As soon as we got back to the boat David wanted me to start right off in the small launch with him and Marian up the Kasiruta River. We took the lunch along, eating on the way so as not to lose time. David considered this river the most beautiful he had seen and very interesting botanically.
We first made a lot of pictures of a native making starch from sago. The native was friendly and obliging and David gave him and his family presents, scissors for the women, cigarettes and matches for the men, and toy balloons for the children.
We then went on up the river against a strong current, Ah Fook constantly jumping out of the boat to get us over some shoal. We finally tied the boat up and David and Marian went into the jungle while Hugo started on one of his exploring hikes. I soon followed David and Marian into the moderately open high growth. David was carried away by the things he saw and went collecting specimens without paying much attention to the mosquitoes, which swarmed around us. I was in shorts and could only keep them away by constantly swishing a fern leaf about my legs and head. After about an hour of uncomfortable wandering during which David and Marian collected a good many specimens, he thought it was time to get back to the river. David has confessed to me that he has no sense of direction or locality, which I have verified. Both he and Marian depended on me to get them back to the boat. I led in the direction I knew the river to be but had not thought we would go so far and had therefore not noticed our course at the start. There were several delays for further collecting and we came upon the skeleton of a large Python, curved around and with all the bones in place. I photographed it and David took one of the bones, cautioning me not the tell about it on the boat on account of the superstition connected with the python.
We finally reached the river and I called, expecting an answer from Ah Fook. There was none, and I noticed that the obstructions in the river were such that the boat could not have passed them, so I concluded that the boat was down stream. We followed the river down for what seemed a long distance but only occasionally got a faint answer to my calls – an answer which might have been from a native. David was getting tired and I felt considerably concerned. I had the cheerful idea that perhaps this was another river or a branch of the old one. Finally Marian asked to stop and talk things over. They then rested and I went on ahead, at times through thick under growth. Enormous birds flew overhead making a strange noise with their wings and white parrots circled and screamed while monkeys called intermittently. I got no answer to my calls and was greatly puzzled by the distance I had gone down stream without finding the boat. Finally, Hugo answered and was soon with us. He was dragging a palm leaf that looked as big as the wing of an aeroplane. He said that he had made the same mistake, that the river took a sharp turn and that we had been beyond the beach. He soon led us to the boat and I waded out in the stream to take a photograph of the boat with the others getting in.

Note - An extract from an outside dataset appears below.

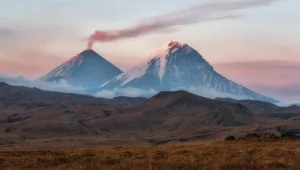 Núi lửa ở Kamchatka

Everyone was relieved but cheerful and I acted as though nothing had happened, but at the time it did not seem so pleasant.
We ran aground many times coming back and Hugo lost a pole in trying to steer the boat. We also got caught in the rain. I was glad to get back. The python was not mentioned.
Bad news in the evening came from Europe over the radio. The Germans were reported to have reached the French coast and cut off the allied troops in Belgium.